Our allies must have recently received a parachute, because one pack holds crackers and baked beans and an unexpected treat, raisins mixed with nuts and candy. There’s a blanket, too, and some more water jugs, one half- full. We decide to save the Cornucopia for tomorrow, so I start a fire.
Maysilee heats up the beans, which we dine on in our own fashion, by fork or cracker, and then eat our treat, one morsel at a time.
The anthem plays, and Ringina and Autumn appear, followed by Buck, Chicory, and Hull.
“Five gone, five left,” I report.
“You, me, Silka, Maritte, Wellie.”
Wellie. Out there as night falls, dealing with all this alone. “We’ll find Wellie tomorrow.”
“Right. We’ll find her,” says Maysilee. “It could work for her to win, too. You sleep first, Haymitch. I’ll keep watch.”
No point in pretending I’m not running on empty. I wrap the blanket around her shoulders, make a hammock bed, and curl up in the mesh. “I
sure could use that lullaby right about now.”
She gives a surprisingly unladylike snort. “You don’t want to hear what’s running through my head. Started in the maze and just won’t quit.”
“Got you an earworm, do you? Well, only cure for that is to pass it to someone else.”

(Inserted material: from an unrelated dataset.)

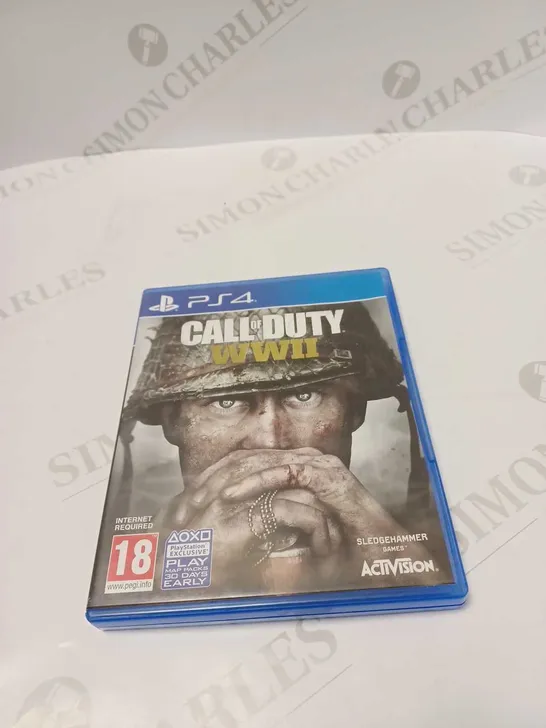 PS4 CALL OF DUTY WWII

“Okay, then. You asked for it.” She begins to sing in a low voice.
Ladybug, ladybug fly away home.
Your house is on fire, your children are gone. All except one, who answers to Nan.
She’s hiding under the frying pan.
A grin crosses my face at the silly song from our childhood. “Well, I guess I brought that on myself. Good night, Sis.”
I try to fall asleep, but Maysilee’s earworm has given me a
brainworm . . . ladybug . . . fire . . . the flint striker . . . no, the blowtorch . . . fear . . . fly away The pieces spin around in a tornado, then cling
together like long-lost lovers.
And I know exactly how we’re getting through that maze.